Lets get this out of the way first. The opening scene in Hereafter is the work of a master director. Eastwood re-stages the Thailand Tsunami from 2004. It's as breathtaking a piece of cinema as I've seen in a long time. You could say that Hearafter never quite recovers from such a powerful beginning. But, in its own quiet and dignified way it matches that scene almost throughout. Hereafter essentially deals with the effect that death has on the living. There is Marie (Cécile De France), the journalist who survives the tsunami and on her return to her native France re-evaluates her whole life after her ordeal. There is the London child Marcus having to deal with the death of his twin brother whilst being taken into social care because of his single mother's substance abuse problem. The main thrust of Hereafter deals with Matt Damon's psychic George, who has a gift of being able to reach the dead on physical contact with anyone. But George sees his gift as a curse that has ruined any possible meaningful relationship in his life.
At times it feels like Hereafter may turn into some kind of slow burning sci-fi thriller, but it never happens. Eastwood makes sure the focus is on character. Damon is excellent, especially in his scenes with an under-used Bryce Dallas Howard. There is a weird but real chemistry going on between the two. The English story comes across as a bit cliched and here the acting of the young twins (both played by real life twins George & Frankie) is poor. The French scenes work fine. The coming together of all three story strands at a London book fair seems convenient. Otherwise, Eastwood expertly directs, in a very uncommercial way. This picture puts the emotions to the fore. Hereafter is no classic, but I have a feeling that people will discover this film in the years to come. If you give this a chance, prepare to find yourself in a very slow manner, to be moved by Hereafter.
Clint Eastwood has always been a good sentimentalist. He is truly a director who knows how to make everyone cry. It's a talent, because a lot of Hollywood films are sentimental without a real sense of emotion needed to turn on the tears (for example Forrest Gump). Hereafter goes overboard with the tears. From the first minutes on I was permanently wiping my face and holding back a huge breakdown of sadness. Hereafter is a movie about death and how we deal with it – how badly we deal with it – since we don't want to at all, do we?

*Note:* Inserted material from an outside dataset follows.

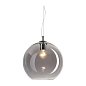 Подвесной светильник Nemo SP1 D20 Ideal Lux 250311, дымчатый — фото 1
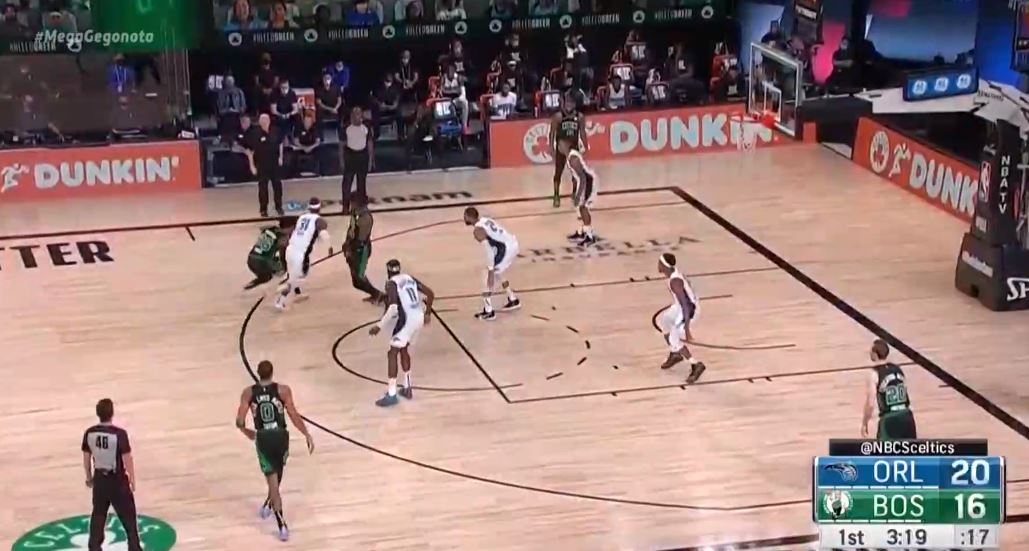 NBA: Το Ορλάντο στο δρόμο του Γιάννη Αντετοκούνμπο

That's why the film got generally bad reviews and nobody wanted to see it thereafter...
Until this point in my life I have been rather calm about the idea of death. I have accepted it and felt that it's not the end of everything so why not enjoy what we have here and trust in the hereafter – whatever it may be. My attitude has been greatly shaken and questioned through the birth of my child. Now death is a scary thought and I'd rather not think about it in any sense to be honest. The fragility and shortness of life has become a reality in a way previously unimaginable to me. Thus, Hereafter the film was like salt on fresh wounds. Unbelievably heavy and draining. It made me check on my sleeping son every three minutes.
It's not a bad movie, although in many ways it's not the best Eastwood has made (and not very much his style cinematically). There are too many stories, which makes the film a little like Love Actually (without the lightness), and there is maybe too little time spent on resolving things. Thankfully, there is not too much dwelling on trying to make sense of what happens after death – usually films become ridiculous when they attempt to appease us with clearing the mystery up.
I salute the aging horse rider for making this movie and coming out of it with my respect. He made me uncomfortable once again – thank you Clint.